- Task to complete
Please copy only the material from the line that has "カット可能なチーズバーガー子供のバレンタインデーのカード サンキューカード (スタンド正面)" to the very last line, both ends included, exactly as written and without pictures.

- Exercise data
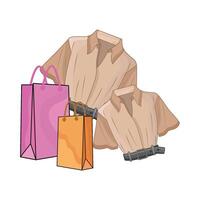 illustration of clothes with shopping bag vector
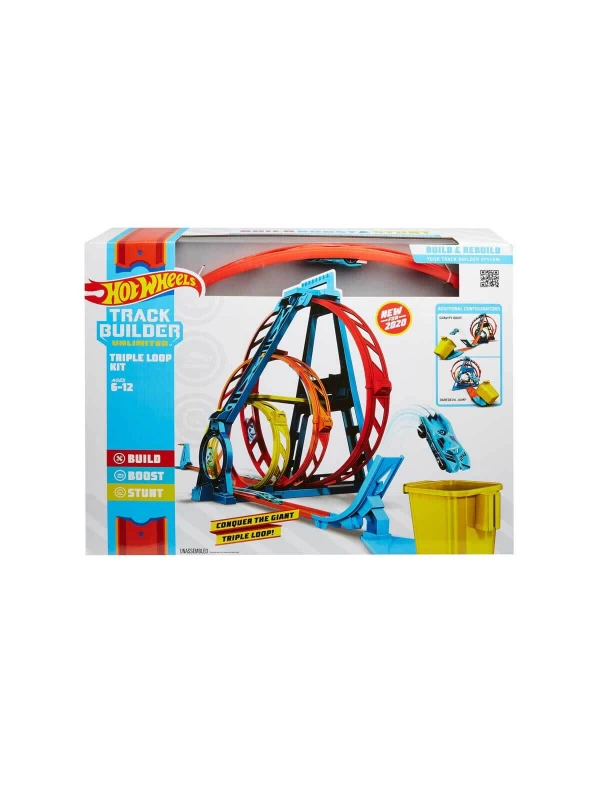 GLC96 Hot Wheels Track Builder Üçlü Çember Aksiyonu Seti…
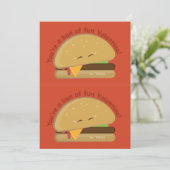 カット可能なチーズバーガー子供のバレンタインデーのカード サンキューカード (スタンド正面)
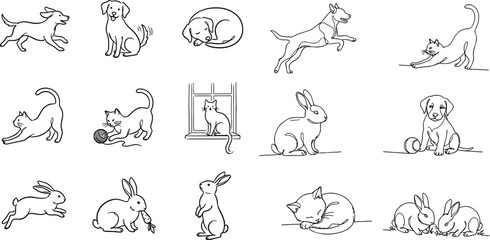 Fototapeta premium Set of cute hand drawn dogs cats and rabbits in different poses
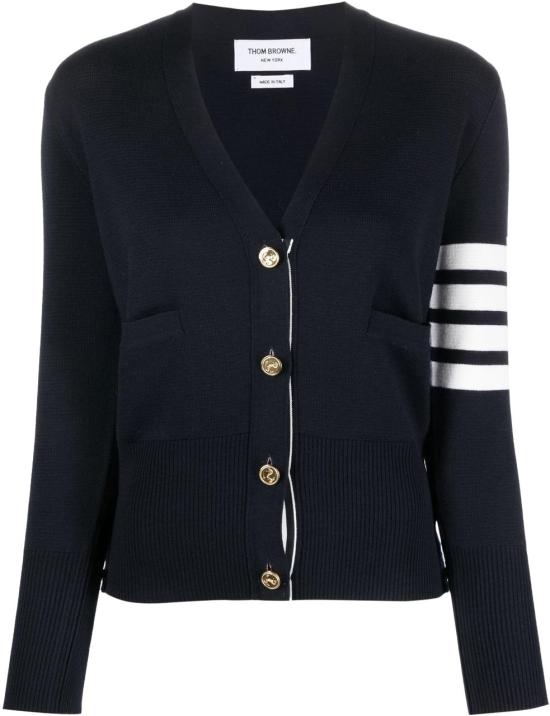 26SS 톰브라운 파인 메리노 울 4바 클래식 V넥 가디건 FKC207A00014415 NAVY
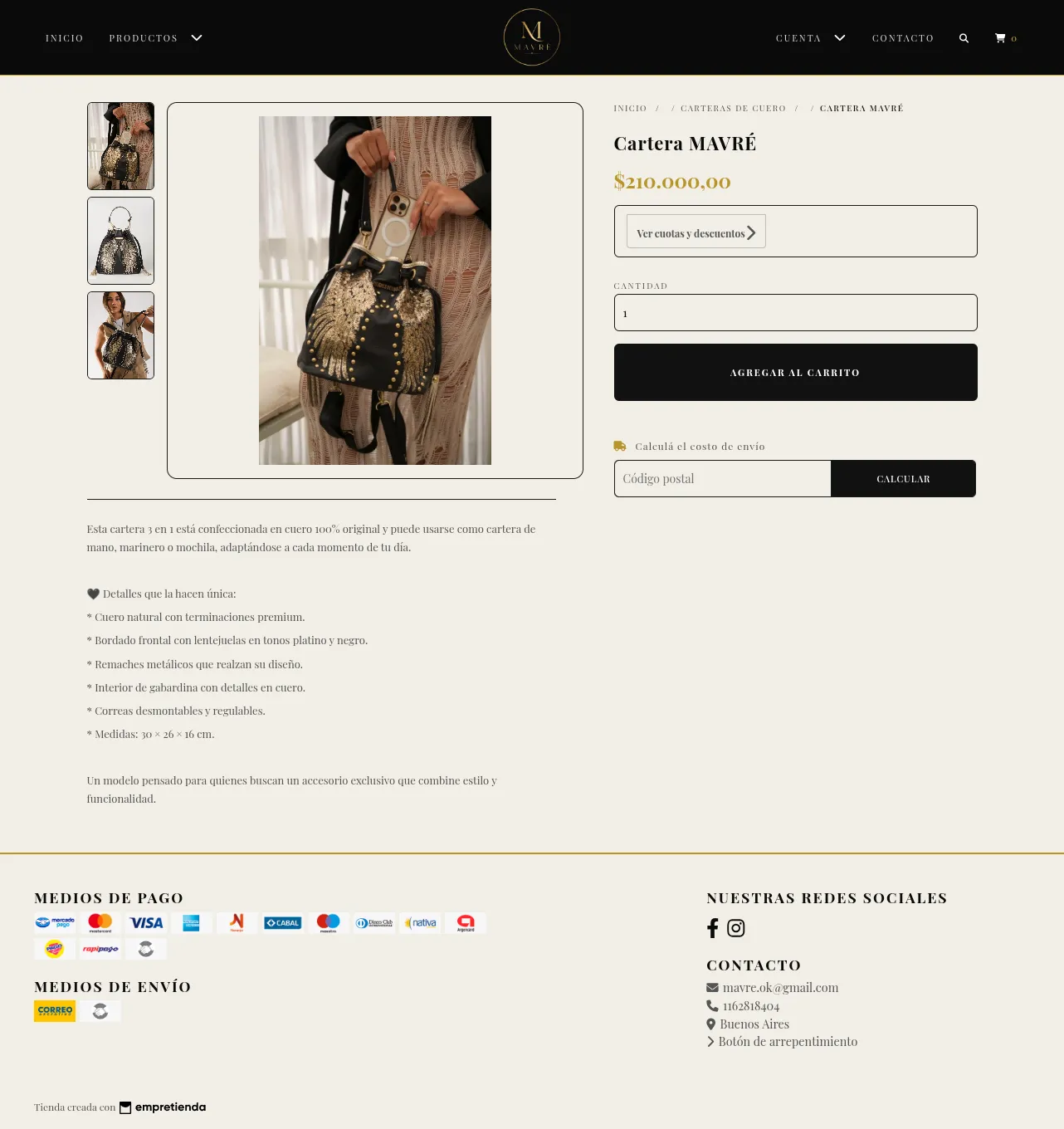 Mavré product page: Cartera MAVRÉ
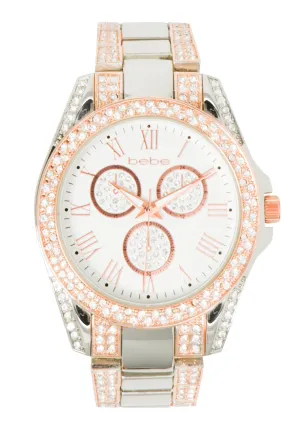 Mixed Metal Crystal Watch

- Output for this exercise
 カット可能なチーズバーガー子供のバレンタインデーのカード サンキューカード (スタンド正面)
 Fototapeta premium Set of cute hand drawn dogs cats and rabbits in different poses
 26SS 톰브라운 파인 메리노 울 4바 클래식 V넥 가디건 FKC207A00014415 NAVY
 Mavré product page: Cartera MAVRÉ
 Mixed Metal Crystal Watch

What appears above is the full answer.